First let me define three persons:
- Peter (using the official signal.org instance)
- Ted (using the example.com instance)
- Andrew (using his own instance under andrew.chat)
Couldn’t we use the upcoming username feature to build a decentralized signal network? For example with a modified client or maybe just a modified libsignal library we could parse the instance from the username which would look like an email address (ted.42@example.com or andrew.62@andrew.chat). If the username doesn’t have a domain part it just uses the default instance (so Peter just has the username peter.94).
Maybe we have some people here who are already familiar with the Signal codebase and willing to assist?
EDIT: Yes I know Session and Matrix exist but Session is to extreme and technical and Matrix is more focused on communities and groups which aren’t even encrypted. Besides that both of them have a much smaller userbase compared to Signal.
Has a much smaller userbase and not tech-savy people wouldn’t undestand why you want them tp use session.
I think most iOS users have no trouble understanding how user hostile Signal has been after getting a new device or losing all the messages they wanted to save.
As for the user base, that’s a problem that fixes itself as more people switch away from Signal.
@mintdaniel42
Yes I understand that but there’s no messenger that’s really perfect. Btw signal is working on free and paid cloud backups for iOS and Android
Signal fails as a useful solution as long as:
- I can’t switch devices and keep messages.

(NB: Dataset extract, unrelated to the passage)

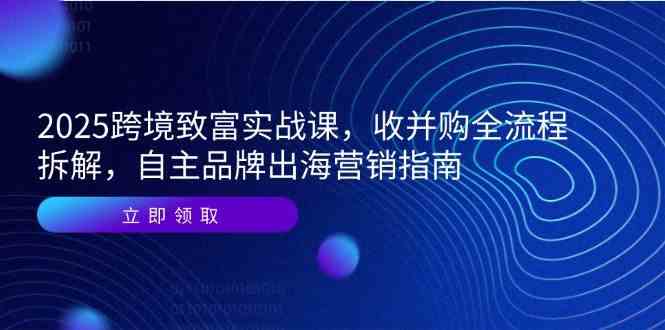 2025跨境致富实战课，收并购全流程拆解，自主品牌出海营销指南-刀客资源网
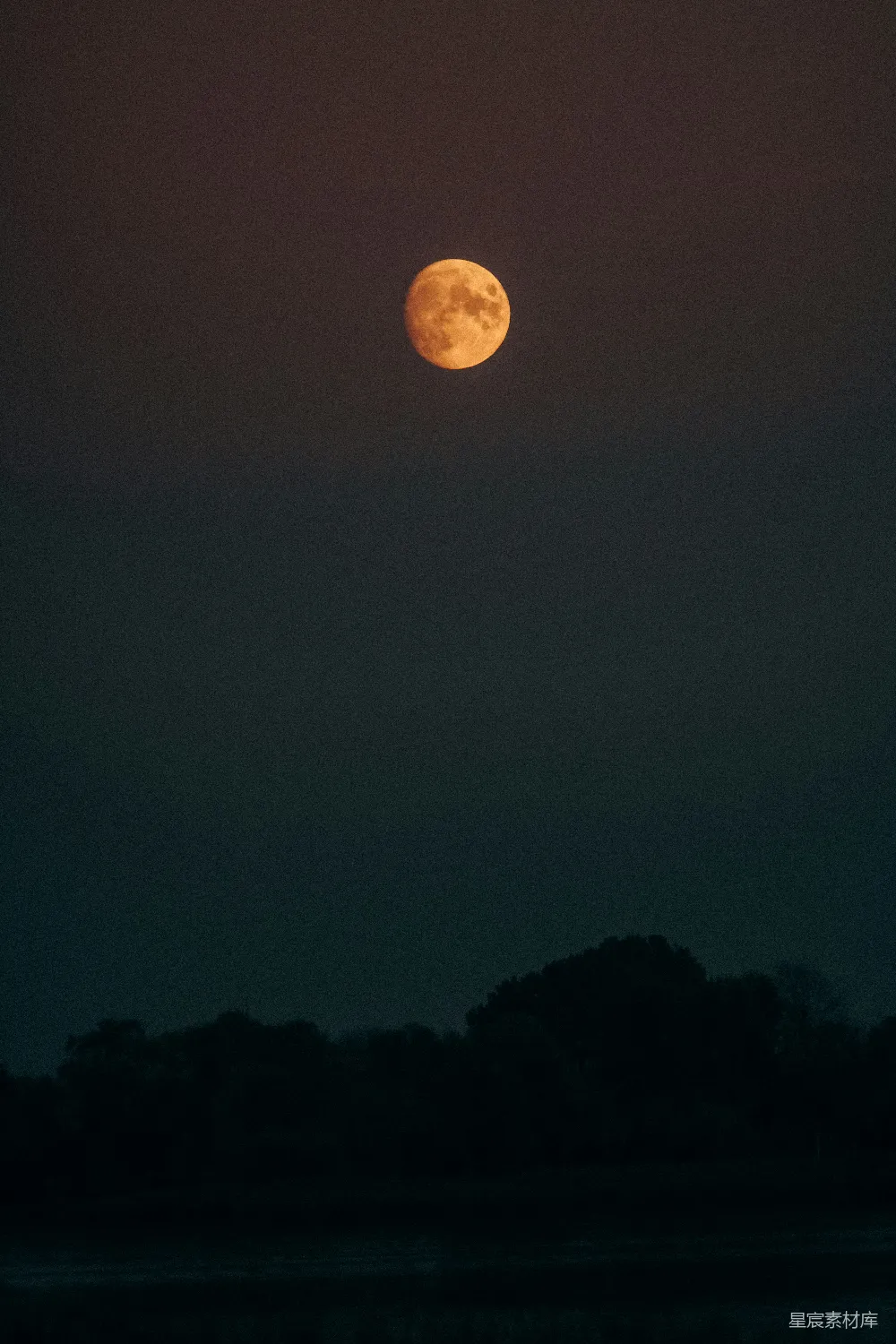 高清摄影 夜景 自然风光 满月 宁静 深邃 夜空中的满月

- I must give them a phone number.
- Multiple devices can’t cooperate to allow me to chat continuously from any device.
- Messages can’t be sent/received arbitrarily because the server decided my client isn’t acceptable.

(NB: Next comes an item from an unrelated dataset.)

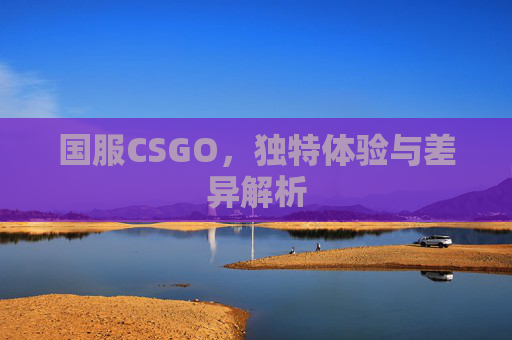 国服CSGO，独特体验与差异解析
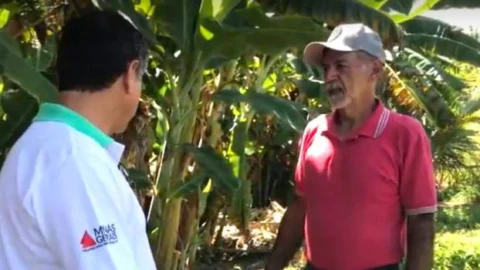 Especialistas destacam diversificação de culturas como alternativa segura para agricultura familiar 6 Especialistas destacam diversificação de culturas como alternativa segura para agricultura familiar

Signal is not reliable and very user-hostile.
@mintdaniel42
Okay so I’ve been using Signal for over two years now and would like to address your critical points:
In terms of reliability in general I never experienced any issues with Signal. It works great even in bad internet connection scenarios.
I could have guessed that you used Android before your previous message simply by your positive impression.
Try switching the OS and keeping your messages then you will discover the difficulty. It’s worse if you began on iOS.
I just recently had the Signal servers silently stop communicating with the app. I had to create a debug log to find that the server was sending an error for some reason when it was working the previous day. Switching apps was the only solution remaining.
@mintdaniel42
Did you use a forked client? If yes which one?
Yes. I used one with better import/export support.
It’s not relevant for my point though. The server is choosing if the app you have can send/receive messages and changing the qualifications whenever it likes. That’s unreliable.